He added: “We go 38 weeks now, with really intense competition. It’s almost nonstop.”
Off the track, the most popular drivers, like Johnson, are also swamped with commitments to sponsors, the press and social media. The scramble for sponsor money has become almost as intense as the racing on the track; losing deep-pocketed longtime backers like Home Depot, Lowe’s, DuPont, GoDaddy and Budweiser dented the income potential for stars like Stewart, Johnson, Gordon, Patrick and Earnhardt Jr.
For midlevel racers, in Earnhardt’s estimation, the income hit has been worse — up to 90 percent.
Gordon acknowledged that some drivers would rather retire than “take a step back” in what they are paid.
“I assure you, though, there are still guys being paid tens of millions to drive these cars,” Gordon said.

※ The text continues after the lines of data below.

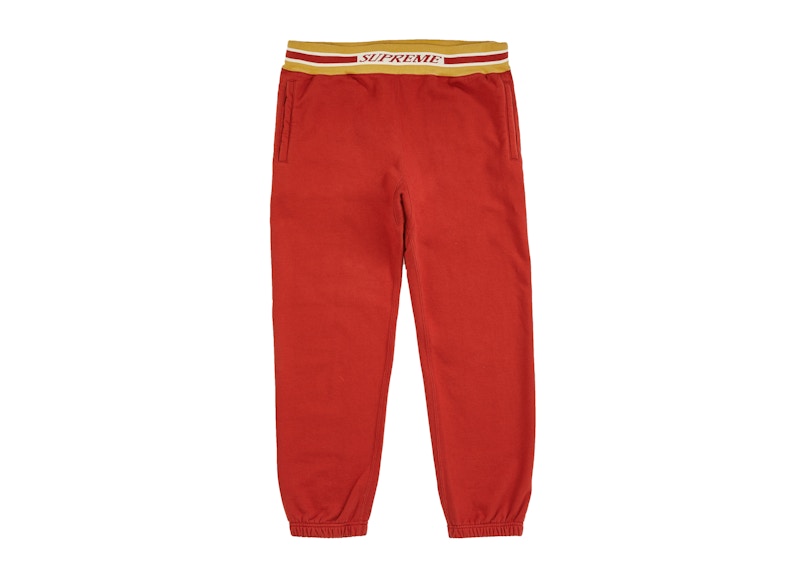 Supreme Striped Rib Sweatpant Rust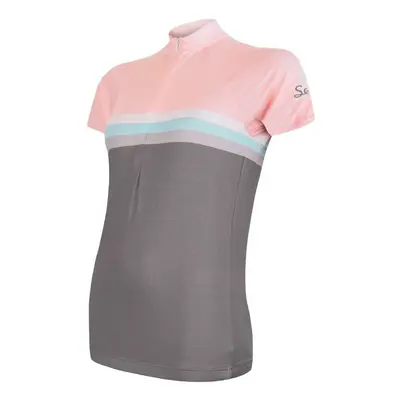 Dámský cyklistický dres Sensor Cyklo Summer Stripe Grey/Pink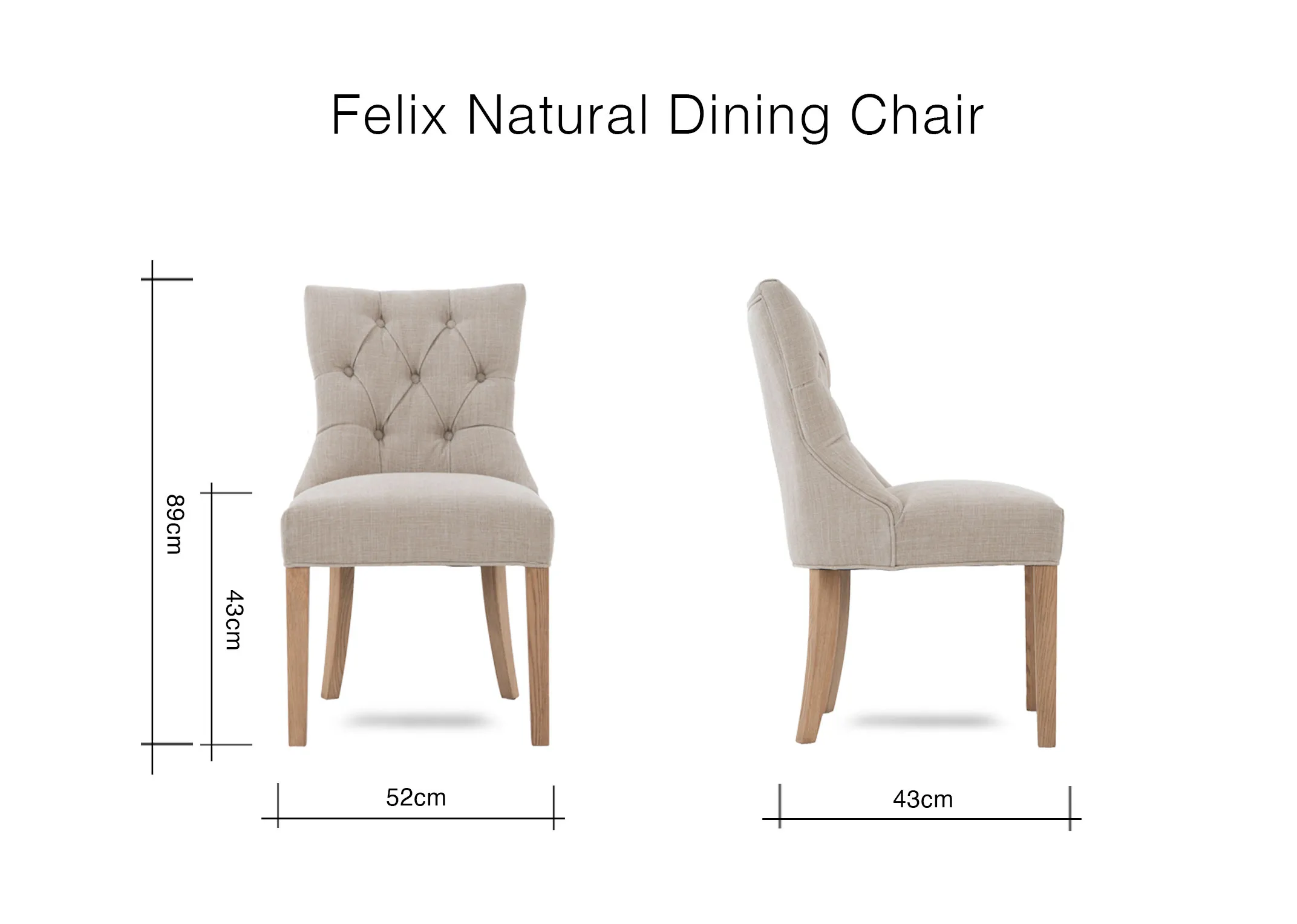 A dimension image of the Felix dining chair with 52cm x 89cm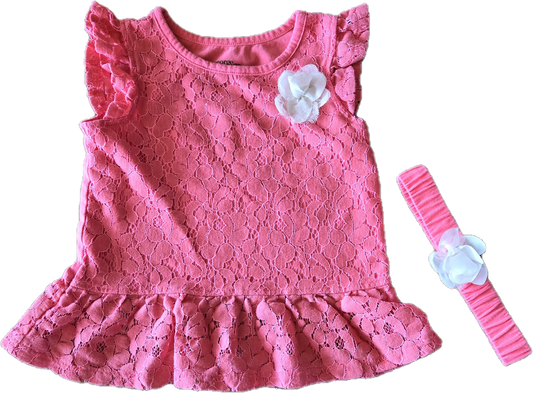 F - Chandail et bandeau rose - 3 ans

A select group, to be sure, that might include Harvick, Kyle Busch and Chase Elliott. He added, “Talent still matters.”
But there is no shortage of up-and-coming talents hankering to drive for a fraction of the previous going rate.
Johnson said, “When I started out, I would have driven for free; in fact, I would have paid to have that ride I got.”

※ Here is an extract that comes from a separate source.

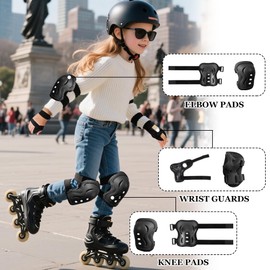 Children's Knee Pads, 6 in 1 Inline Protectors Set, Children's Protective Equipment, Adjustable Knee Pads, Elbow Pads, Wrist Guards for Skating, Driving, Scooter, Skateboard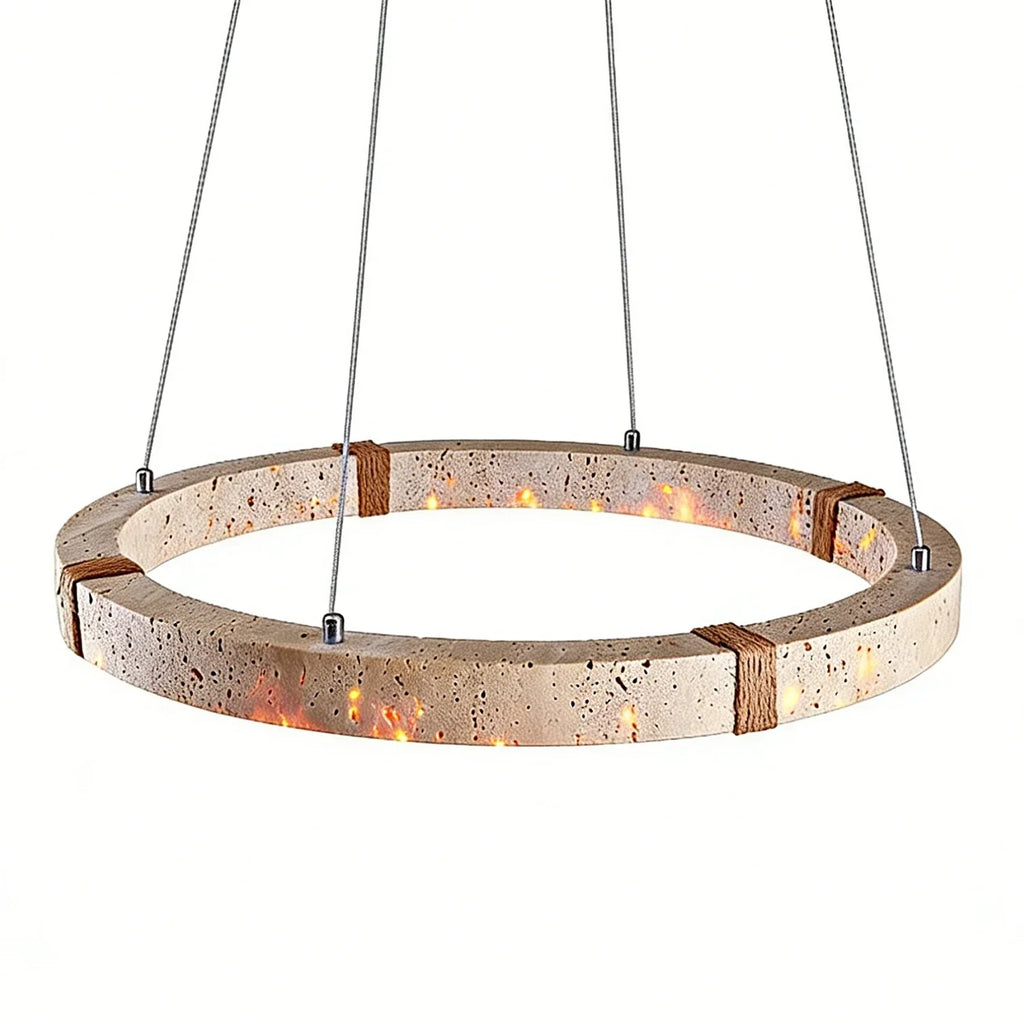 Ringor Minimalist Round Travertine Chandelier | wildoxy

Ominously, wrecks are a growing concern — not only for the ruinous economic toll on financially challenged teams, but also for the physical toll on drivers. It’s the era of the multicar crash, the Big One, when NASCAR’s close-quarters racing can result in chain-reaction melees.
Repeated head injuries caused Earnhardt Jr. to step back after 18 Cup seasons. Patrick estimated she had “more than a dozen concussions” in her crash-plagued career; diminishing results also cost her sponsorship. Gordon, who retired at 44, said worsening back pain helped push him into the Fox Sports broadcast booth.